Renewables are an increasingly important component of the new energy solution. As a form of distributed generation, a huge amount of data is associated with the operation and management of renewables. With this data comes myriad opportunities and, in turn, challenges.

On 5 June 2018, Osborne Clarke hosted a breakfast bringing together senior industry experts to discuss their views on the future of smart energy and how data analysis and artificial intelligence (AI) could be deployed for the benefit of both businesses and consumers.

Returns: how do you make it work for funders?

Returns are a key driver in any business model and one way they can be generated through data is by the aggregation of marginal gains. In a post-subsidy world and volatile market, optimising resource management will be crucial to getting the most out of energy assets. Data analysis can help identify micro-variations in asset performance which can then be predicted using historic data and acted upon to deliver marginal gains. Equally, using data to guide maintenance schedules can deliver costs savings by pin-pointing where efficiency is being lost and where upgrades are required.

The data itself also has a value. Third parties looking to grow their data set and understand the power of data may wish to purchase it from you – therefore if you are a good steward of your own data, you are cultivating a valuable asset.

Data: what can you do with it legally?

Acquiring data to begin with is not without its challenges, particularly when collecting from customers. Taking the example of smart meters, a homeowner’s consent is required in order for their supplier to take and use half-hourly readings. If this permission is rescinded, the data collected must be deleted and returned to the customer.

Introducing AI complicates the ownership position, since AI learns from the entered data and absorbs some of it into its system, so that data cannot be removed. The issue of data ownership in the context of AI is one of many questions yet to be answered about the fledgling technology.

One way to counter customers’ reluctance to hand over their information is through education; this is vital to secure their trust and willingness to share data. Compliance with data security requirements, including the General Data Protection Regulation and (where applicable) the Information Systems Directive, is also essential for preserving a company’s reputation and avoiding hefty fines and enforcement action.

In terms of sharing data between businesses, the main concern is not data protection or security but competition. There is a tension between a company wanting to hold on to data for its own benefit and uploading the data to an open platform for the benefit of the industry at large. One suggestion is to incentivise large energy companies to share their data in return for a fee for their contribution or a share of the revenue/savings derived.

The tech interplay: understanding what is possible

Recognising how data can be used to increase revenue is one thing, but actioning those possibilities is another. With fully trained AI and industry-wide use of blockchain still some years away, it is important to lay the groundwork for the future and understand the current limitations.

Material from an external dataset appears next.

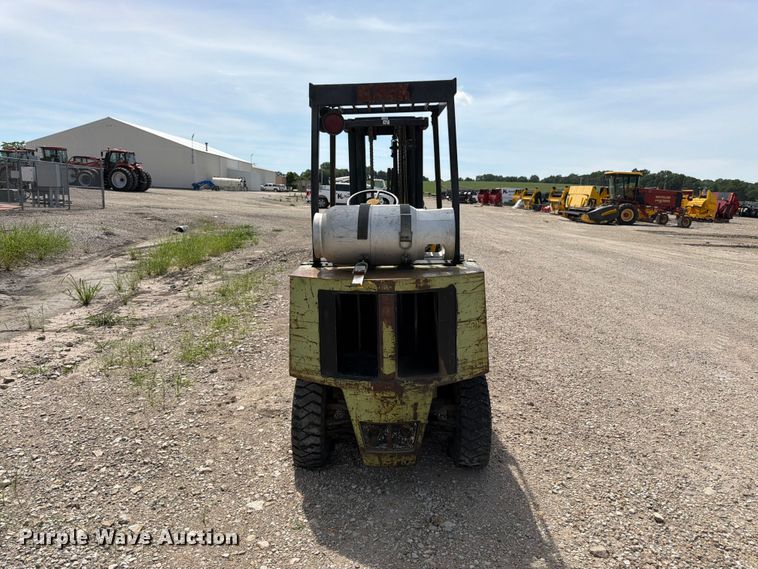 image for item DQ7853 Clark GPX25 forklift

Analysis of data will be constrained by what data you can access. Unfortunately, the UK’s current energy infrastructure does not prioritise ETL real-time data systems, and there is also the need to integrate old legacy systems with new technology, all of which makes the process of collecting and analysing data challenging. Processing the data also requires skill, so hiring and retaining the right personnel is crucial. Where this role is outsourced, companies should consider negotiating change of control and key staff provisions to alleviate the risk of over-reliance on a few key providers.

At this stage, data analytics has proven most successful where the information is isolated, easy to test and is not required to be correlated against a multitude of factors. Where this is the case, the terms of smart contracts must be drafted to facilitate and deliver the benefits identified by the analysis – insight and value must be brought together to fully benefit from the power of data.

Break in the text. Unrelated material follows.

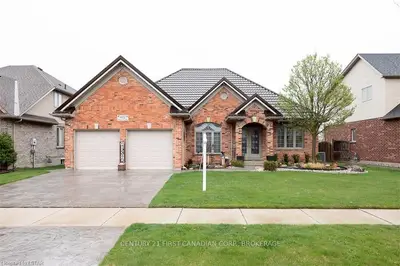 402 Elderberry Avenue, London North, On N5x 0a2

Emerging business models: doing things differently

The withdrawal of incentives for renewables has created a greater need for cost efficiencies and new revenue streams, but harnessing of data is not, as yet, widely identified as one of those. Reducing development and connection costs remain the priorities of asset managers, whereas data analytics and AI have yet to make such an impact that projects will not get off the ground without them.

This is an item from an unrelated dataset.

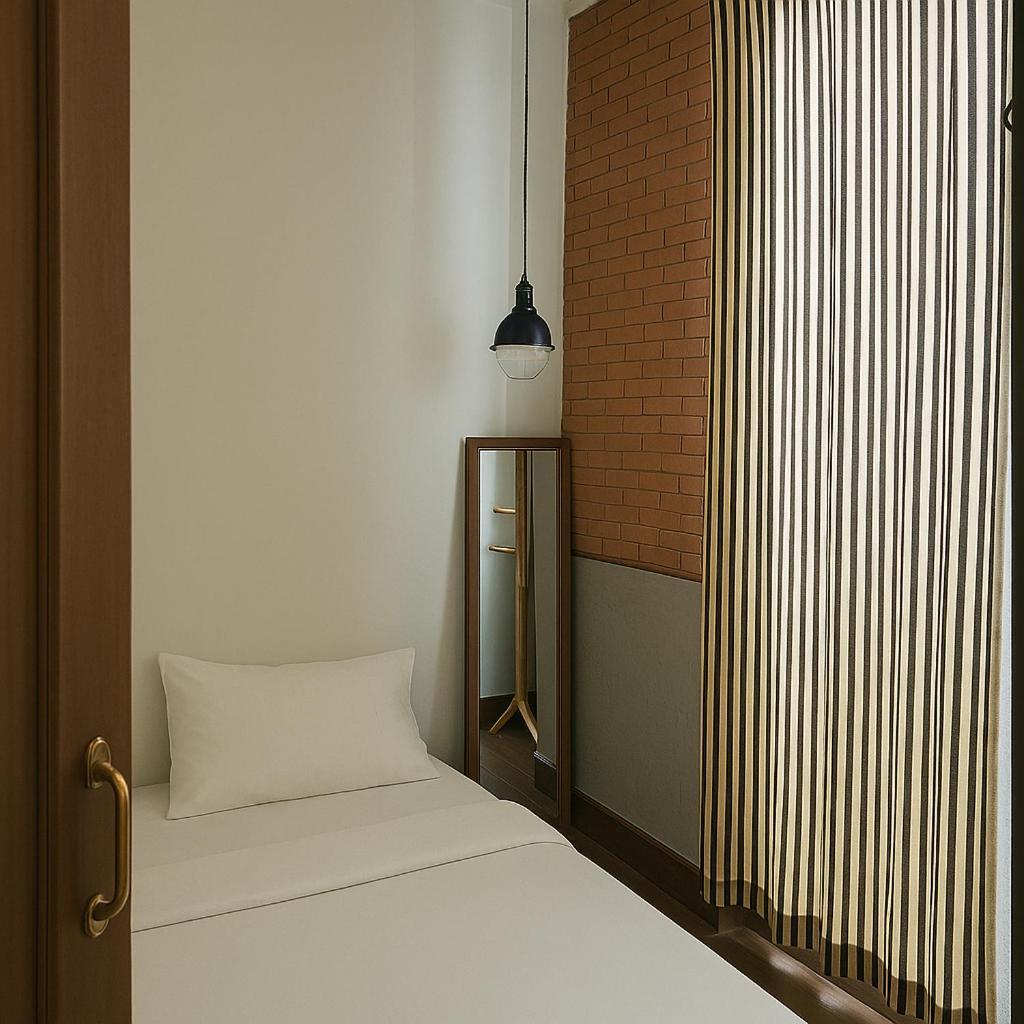 Khunluang Hostel Chiang Mai Ngoại thất bức ảnh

Due to price volatility, many companies are continuing to trade conservatively to lock in stable returns. As a result, there is reluctance to invest heavily in data and AI and to incorporate them into business models. Market education can be used to counter this hesitation to a degree, but ultimately only more data and more processing time will instil confidence in funders and the energy industry. Once data and AI make an impact on the cost of capital, will their true value become clear.